Pictures should not appear in the copy; the records themselves must be written out exactly.

(Brief descriptive captions)
-*-*-
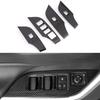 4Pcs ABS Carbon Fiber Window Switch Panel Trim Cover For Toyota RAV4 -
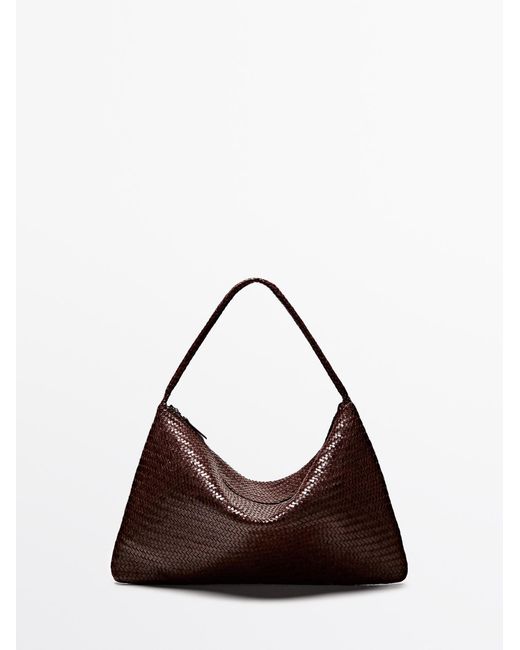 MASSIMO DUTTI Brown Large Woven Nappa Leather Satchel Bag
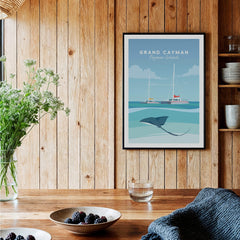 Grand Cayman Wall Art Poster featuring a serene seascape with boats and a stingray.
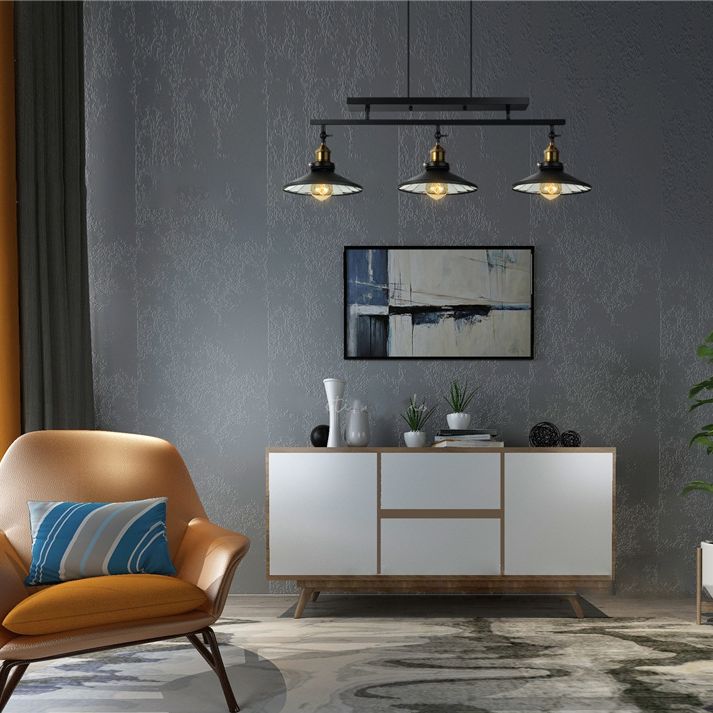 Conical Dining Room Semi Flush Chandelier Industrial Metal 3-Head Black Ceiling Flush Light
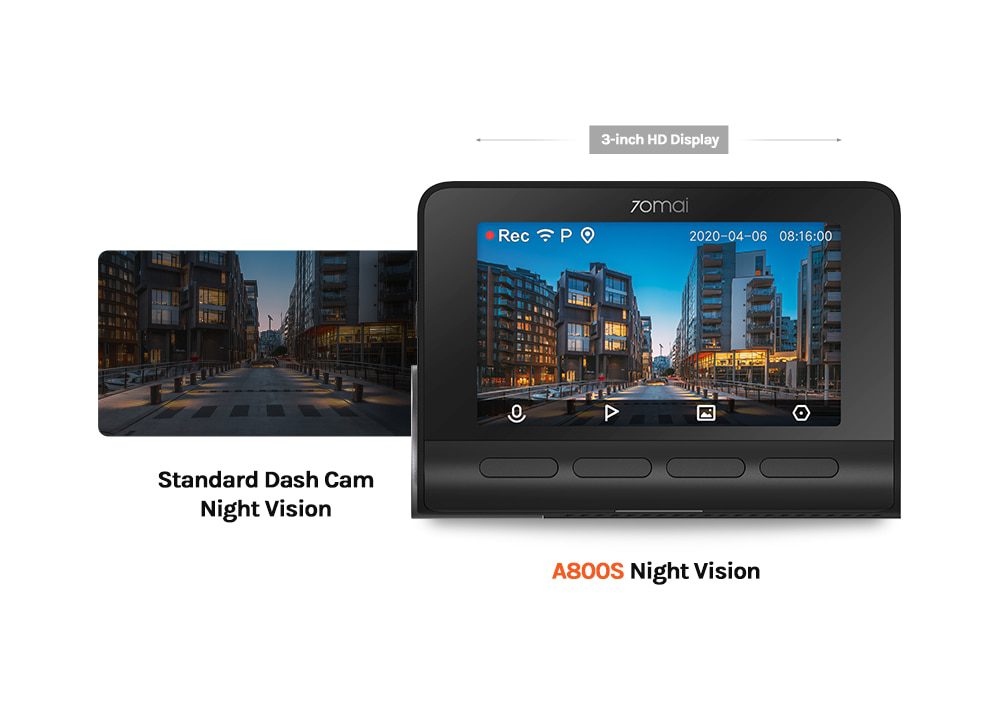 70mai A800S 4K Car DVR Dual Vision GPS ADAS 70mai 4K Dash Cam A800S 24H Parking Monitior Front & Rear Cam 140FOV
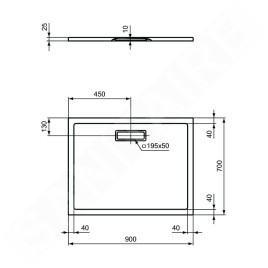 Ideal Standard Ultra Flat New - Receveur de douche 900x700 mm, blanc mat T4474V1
-*-*-
### ANSWER TO THIS PROBLEM
 4Pcs ABS Carbon Fiber Window Switch Panel Trim Cover For Toyota RAV4 -
 MASSIMO DUTTI Brown Large Woven Nappa Leather Satchel Bag
 Grand Cayman Wall Art Poster featuring a serene seascape with boats and a stingray.
 Conical Dining Room Semi Flush Chandelier Industrial Metal 3-Head Black Ceiling Flush Light
 70mai A800S 4K Car DVR Dual Vision GPS ADAS 70mai 4K Dash Cam A800S 24H Parking Monitior Front & Rear Cam 140FOV
 Ideal Standard Ultra Flat New - Receveur de douche 900x700 mm, blanc mat T4474V1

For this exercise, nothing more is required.